The initiation and progression of chronic periodontitis is a multifactorial process that is driven by Porphyromonas gingivalis, an obligate anaerobe Gram-negative rod that is part of the human oral flora [8]. Alongside being a pathogen in periodontitis, P. gingivalis may induce systemic inflammation and has been correlated with the development of systemic disorders such as cardiovascular and rheumatic disease [9].

The gold standard in the therapy of periodontitis is the mechanical subgingival instrumentation [10], although due to the complex anatomy of periodontal pockets and teeth, this procedure is unable to fully eradicate bacterial biofilms. The use of systemic antimicrobials is controversial and limited to aggressive and severe forms of periodontitis [11]. Thus, the adjuvant use of antiseptics such as chlorhexidine (CHX) mouthwash is a common part of the treatment concept for chronic periodontitis [12]. The main side effect of CHX is tooth staining [13]. Additionally, although not yet a clinical problem in dentistry, concerns about the development of bacterial resistance against CHX have been raised [14]. Therefore, there is increasing interest in novel antimicrobial agents for the local long-term treatment of chronic periodontitis. Plants are of high interest to discover new antibacterial agents, since they are naturally exposed to microbial infections and thus have developed various antimicrobial defense mechanisms. Various plant extracts have been used for centuries in traditional medicine and there is some clinical evidence for their potential to control periodontitis progression [15,16]. The most commonly discussed medicinal plants for use in dentistry are Eucalyptus globulus, Azadirachta indica, Glycyrrhiza glabra and Rheum palmatum.

E. globulus, known as fever tree, is a member of the Myrtaceae family. A chewing gum containing 0.6% E. globulus ethanolic leaf extract has shown statistically significant positive effects on various outcome parameters of gingivitis in a small double-blind randomized clinical trial [17].

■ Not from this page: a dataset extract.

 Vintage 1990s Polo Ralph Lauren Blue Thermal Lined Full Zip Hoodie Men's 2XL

A. indica (neem) belongs to the Meliaceae family and is a traditional medicinal herb used in India to maintain oral health [18,19]. Clinical trials with a low number of 20 subjects used either an A. indica extract-containing gel or non-absorbable neem oil chips as an adjunct to subgingival instrumentation. Both gel and chips led to further improvement on pocket probing depth and attachment level compared to subgingival instrumentation only [20,21]. Further, a systematic review found no statistical differences in treatment outcomes between mouth rinses containing A. indica extracts or CHX, although the quality of the randomized controlled trials included was low [22].

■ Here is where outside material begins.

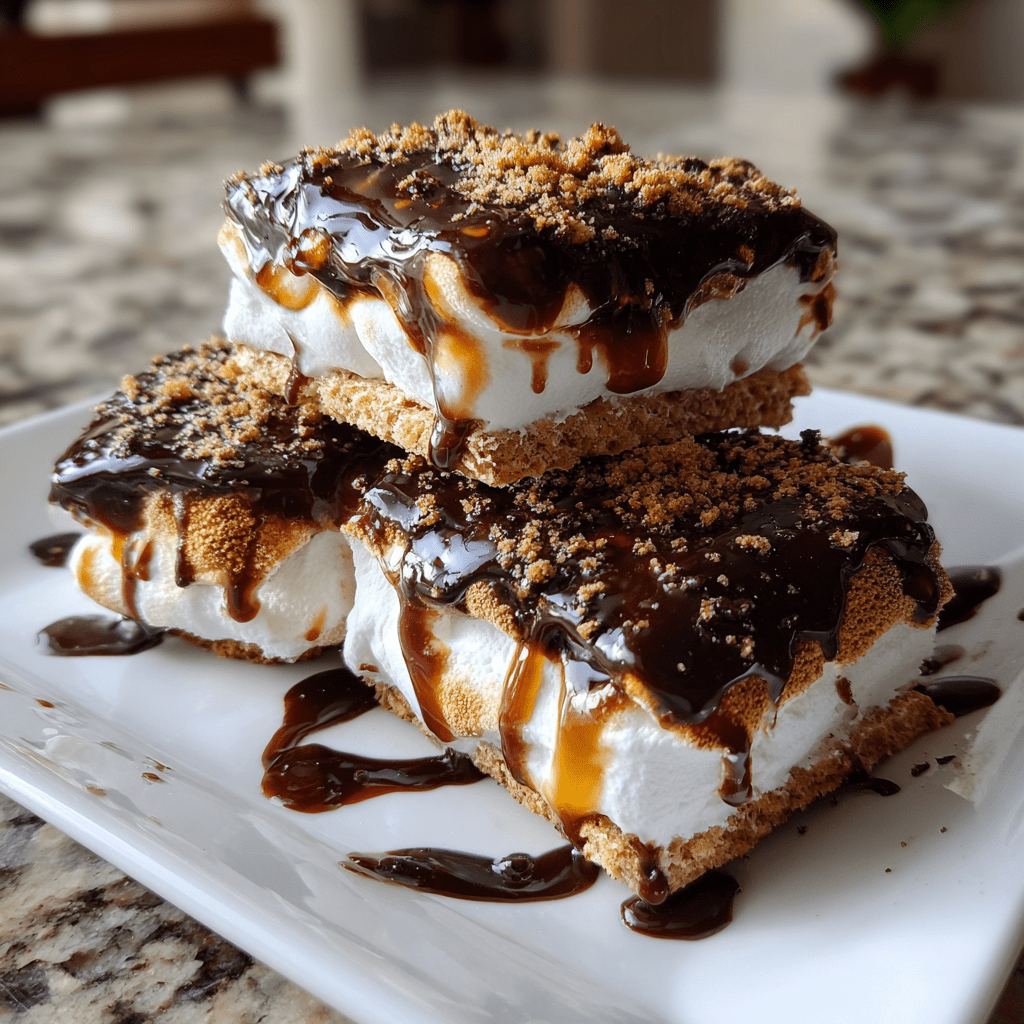 Frozen S’mores Chocolate Marshmallow: A Cool Delight Awaits!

G. glabra (licorice) is a member of the Fabaceae family and one of the oldest plants of ayurvedic medicine [23]. The bioactive compounds of its roots had anti-inflammatory properties in vitro, although evidence for clinical efficacy in periodontitis is lacking so far [24].

R. palmatum (rhubarb) is a member of the Polygonaceae family. Its root extract has been used as “Dahuang” in traditional Chinese medicine for centuries [25]. However, convincing evidence for its clinical activity against periodontitis has not yet been demonstrated.

Apart from their use in traditional medicine, at least some evidence for clinical efficacy in periodontitis or in vitro activity exists for most of the medicinal plants mentioned above. Given the fact that P. gingivalis is a major periodontal pathogen [8], we chose to investigate the antimicrobial activity of E. globulus, A. indica, G. glabra and R. palmatum extracts against P. gingivalis. The interpretation of studies reporting the antimicrobial activity of plant extracts is hindered by the fact that often insufficient techniques, such as disk diffusion, were used [26]. Therefore, we chose to compare the antimicrobial activity of extracts of the four plants against P. gingivalis using broth microdilution (BMD), as it represents the reference method of antimicrobial susceptibility testing [27].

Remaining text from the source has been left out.